ASIC provides relief to employee share scheme providers
BusinessThe legislative support will remove unintended technical issues preventing the use of schemes, says ASIC.
ASIC has provided relief to those looking to implement employee share schemes (ESS) with a legislative instrument that strives to remove technical obstacles to putting schemes into practice.
The instrument includes a modification to section 1100T of the Corporations Act 2001 so that it refers to the term contributions rather than payments and deductions, to cater for salary sacrifice arrangements.
ASIC said it also clarified that the contributions of more than one ESS participant could be held in the same account so users did not need to create a separate account with an Australian authorised deposit-taking institution for each.
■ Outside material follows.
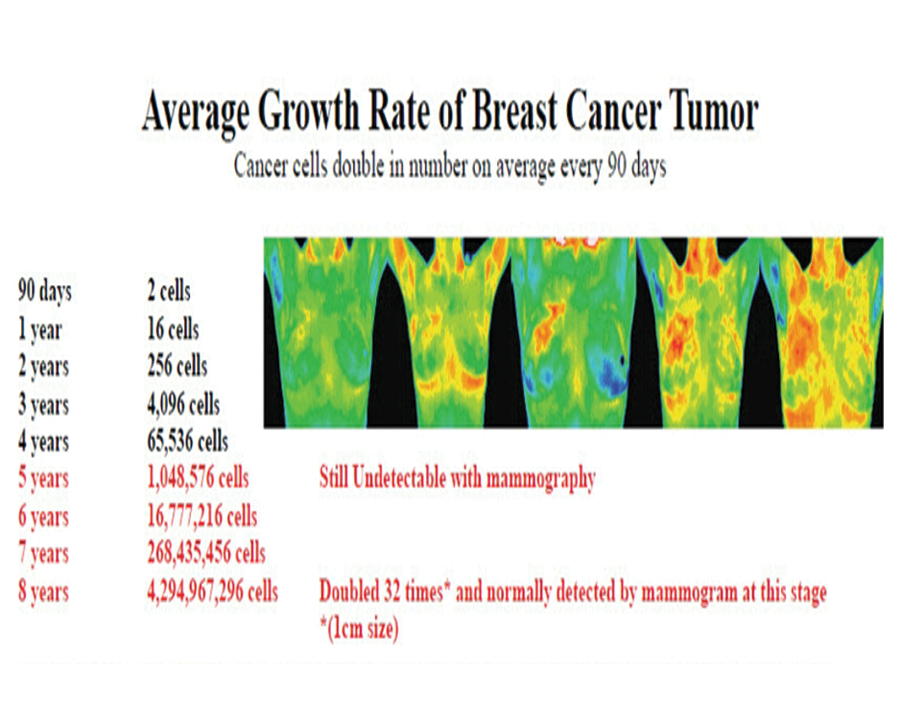 Image of Breast Cancer Graph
ASIC said the ASIC Corporations (Employment Share Schemes) Instrument 2022/1021 provisions applicable to part 7.12 of the Corporations Act would provide:
- A broader exemption for secondary sales of financial products that are quoted on a financial market.
- More options for the financial information that foreign companies can provide to ESS participants.
- The ability to provide an expert valuation of ESS interests that are not ordinary shares.
- Technical relief so that salary sacrificing arrangements can comply with the requirements for contribution plans.
- Clarification that financial products offered outside this jurisdiction do not need to be included when calculating the issue cap in s1100V.
The implementation comes after ASIC received discourse on the topic in consultation paper 364 “Modifications to the ESS regime”, which it said it received 13 responses, and that it would publish a report on the submissions in early 2023.
ASIC said that it had designed the legislative instrument to replace the existing relief, Class Order 14/1000 Employee Incentive Schemes: Listed bodies, and Class Order 14/1001 Employee Incentive Schemes: Unlisted bodies.
ASIC said the ESS provisions commenced on 1 October 2022.